MYC markedly increases the biosynthesis of proline from glutamine (A) Western blots of the enzymes in proline and glutamine catabolism pathway in P493 cells treated with tetracycline for different lengths of time. (B) PC3 cells were transfected with siRNA against MYC (siMYC) or negative control siRNA (siNeg). The enzymes in the proline and glutamine metabolic pathways were analyzed by Western blots.

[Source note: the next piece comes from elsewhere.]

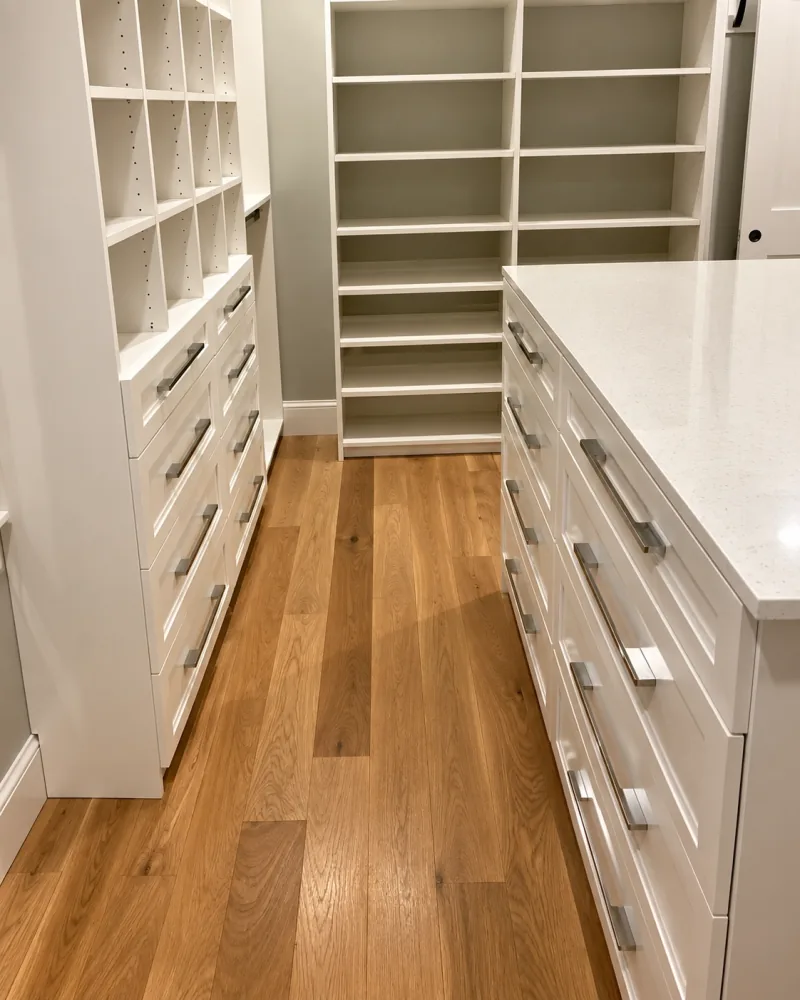 White walk-in closet with center island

Experiments were replicated with similar results. (C) Intracellular proline levels in MYC-On and MYC-Off cells. (D) The expected labeling patterns from [U-¹³C,¹⁵N]-glutamine (Gln) and preexisting unlabeled Gln to different isotopologues of proline (Pro) and the intermediates of the TCA cycle via glutamate (Glu). [¹³C₅,¹⁵N₂]-Gln can be catabolized via glutaminase (GLS) to produce ¹³C₅,¹⁵N-glutamate (Glu) (m+6), which can be converted directly to ¹³C₅,¹⁵N-Pro (m+6) via the pathway depicted in Fig. 1A. Alternatively, ¹³C₅,¹⁵N-Glu can be converted to α-ketoglutarate (α-KG) and metabolized via the TCA cycle. The reverse reaction of α-KG to Glu enables ¹⁵N reincorporation into Glu (e.g., production of ¹⁵N₁-Glu) via transaminases (TA) and/or Glu dehydrogenase (GDH) activity. The carbon tracings shown illustrate the ¹³C fate after three turns of the TCA cycle. ●, ¹²C or ¹⁴N; red circle, ¹³C in the first turn; green circle, ¹³C in the second turn; pink circle, ¹³C in the third turn; blue circle and N, ¹⁵N; AA, amino acids; single and double-headed solid arrows: single irreversible and reversible reactions, respectively; dashed arrows, multistep reactions; AA, amino acids; CS, citrate synthase; PDH, pyruvate dehydrogenase. (E and F) The GC-MS analysis of [¹³C,¹⁵N]-Gln contribution to citrate and proline synthesis in P493 cells with MYC On and Off. All GC-MS data were corrected for natural abundance isotopic contribution and normalized to cell pellet wet weight. Each value is an average of duplicate samples. The entire experiment was repeated three times.